No candidate as ethically-challenged as Edna Arbel, for instance, could have survived the rigorous public scrutiny to which judicial nominees are subjected in America. As State Attorney she was twice accused of soliciting positions for her husband from political figures under investigation by her office, and she signed off on the trumped up indictment used to get rid of Yaakov Neeman as Justice Minister.
With the exception of Barak, no Israeli jurist enjoys an international reputation. And the candidacy of the foremost constitutional scholar to be put forward for the Court, Professor Ruth Gavison, is bitterly opposed by the justices on the judicial selection committee.
Jeffrey Rosen of the liberal New Republic describes Roberts, by contrast, as "perhaps the most impressive Supreme Court advocate of his generation, extremely intelligent, thoughtful and able." Most of the justices on the United States Supreme Court have articulated philosophies of constitutional adjudication, and those philosophies were well-known, based on their extensive legal writings, before their elevation to the Supreme Court. The same cannot be said of any Israeli justice, except perhaps Barak and Mishel Cheshin.
So much for the supposed technical superiority of Israel’s justices.
The ideal of justices as technocrats is similarly a myth: There's no such animal. And no one knows this better than Barak. In his book Judicial Discretion, Barak writes that a judge's decision, in difficult cases, will be "determined by [his] worldview," which is, in turn, is a product of his "education, personality, and emotional makeup." While a judge should be guided in such cases by the values of the societal elites – "the enlightened public in whose midst he sits" – it can be assumed, Barak candidly admits, that he will take himself as the measure of enlightenment.
The Israeli Supreme Court is not apolitical in any sense of the term.

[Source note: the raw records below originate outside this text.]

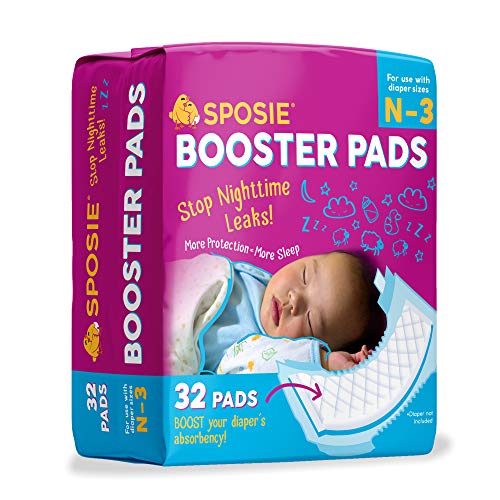 Select Kids Sposie Overnight Baby Diaper Booster Pads/ Doublers for Newborns to Size 3 Diapers| 32 Insert-Pads| No Adhesive, Easy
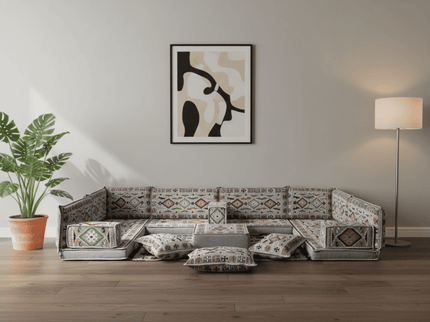 Cappadocia Kilim U-shaped Arabic floor sofa, Gray 4-inch, photo 1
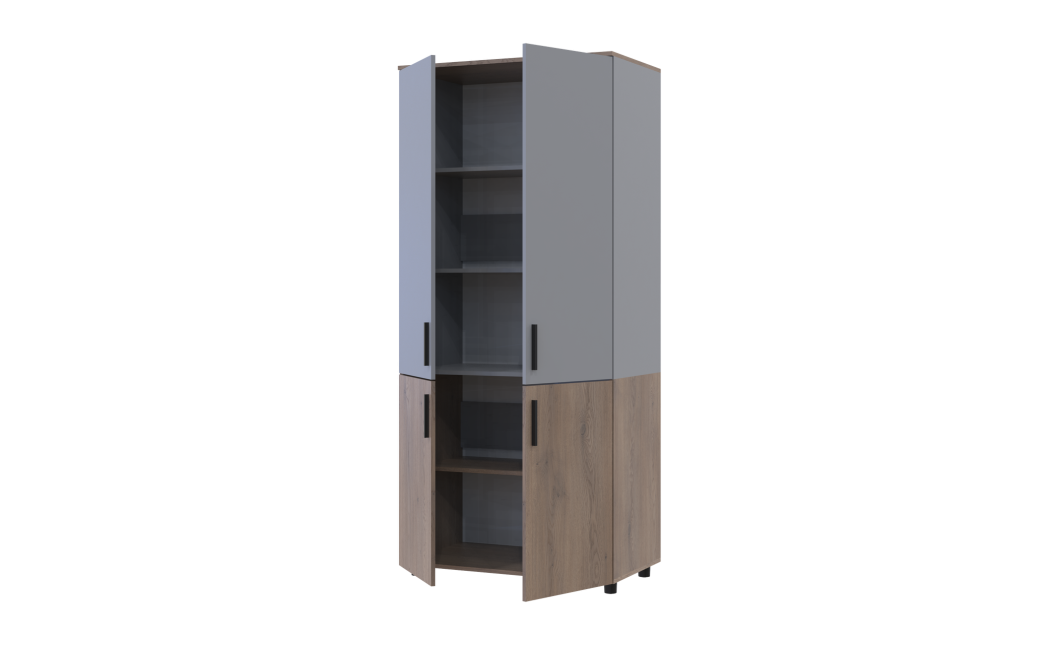 Kleiderschrank Doros Thorn Cremona Cannolo/Grau 2 Türen Böden 90x51,6x200 (44900456)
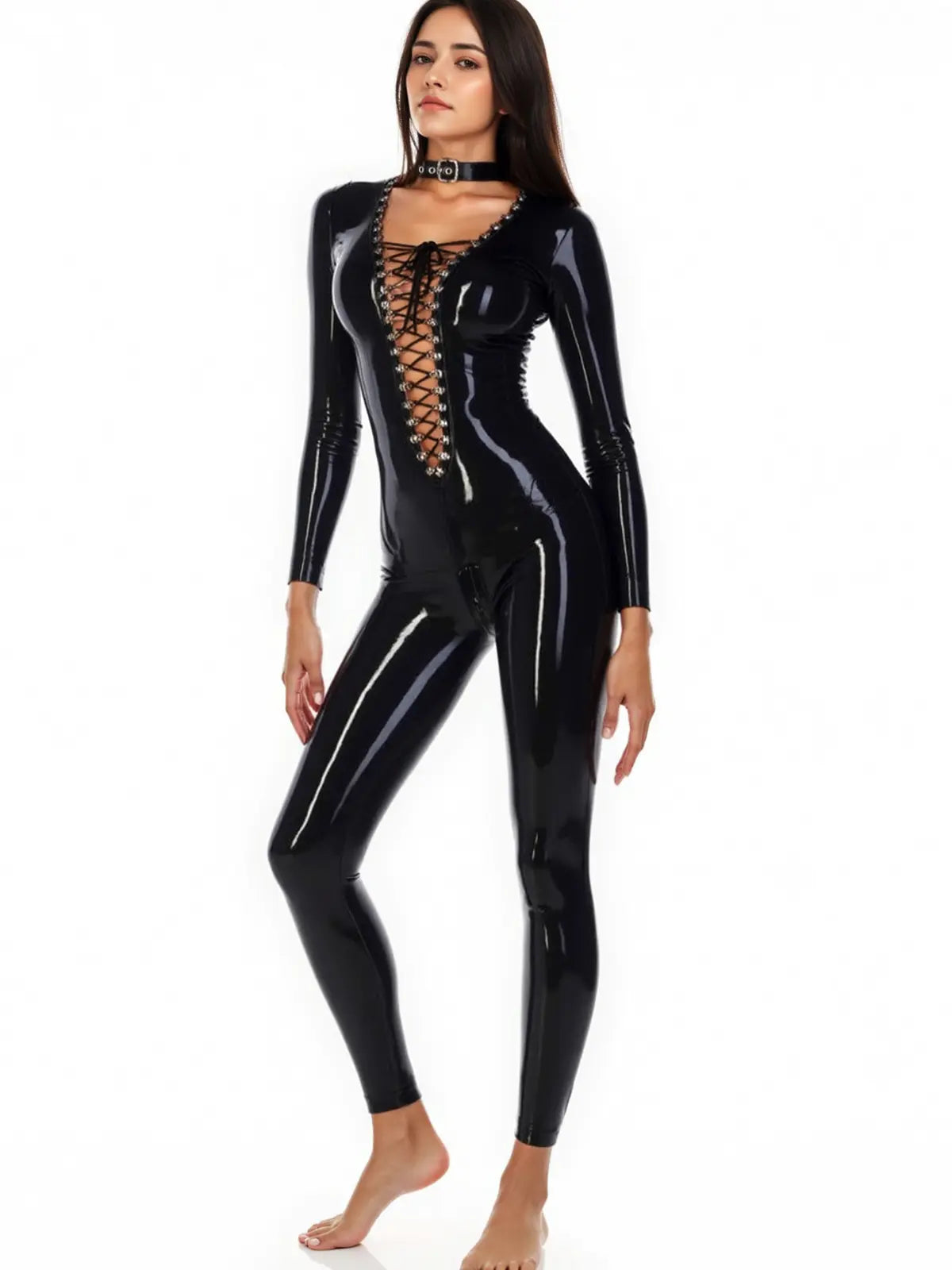 Latex Catsuit — D-Ring Lace-Up Front, Two-Way Back Zip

By subjecting every governmental decision the test of "reasonableness" in its eyes, the Court has involved itself in Politics, with a capital "p", – i.e., the process of governance – to a greater extent than any Court in the world. "The justices . . . see themselves more or less as governing elders," says former Court President Moshe Landau. "They have taken on a role they are utterly incapable of fulfilling, and for which they have not been trained."
Justice Landau's remark cuts to the heart of Barak's defense of the present judicial selection system on the basis of the professional expertise of the justices. Even if they were great experts of contracts and torts, little of their work deals with such traditional legal subjects. And as governing elders, their legal expertise is no more relevant than would be the psychometric scores of the national soccer team.
In democracies, governance is properly left to the political/elected branches of government precisely because the issues involved are not value free, technical decisions. The judicial interventionism of the Israeli Supreme Court only makes the necessity of the involvement of the elected branches in the judicial selection process that much greater.
Nor has our system of judicial selection resulted in a Court that is non-political, in the sense that the justices have no identifiable ideological tendencies. It is child's play to identify pairs of decisions in which the different results can only be explained by the identity of the parties.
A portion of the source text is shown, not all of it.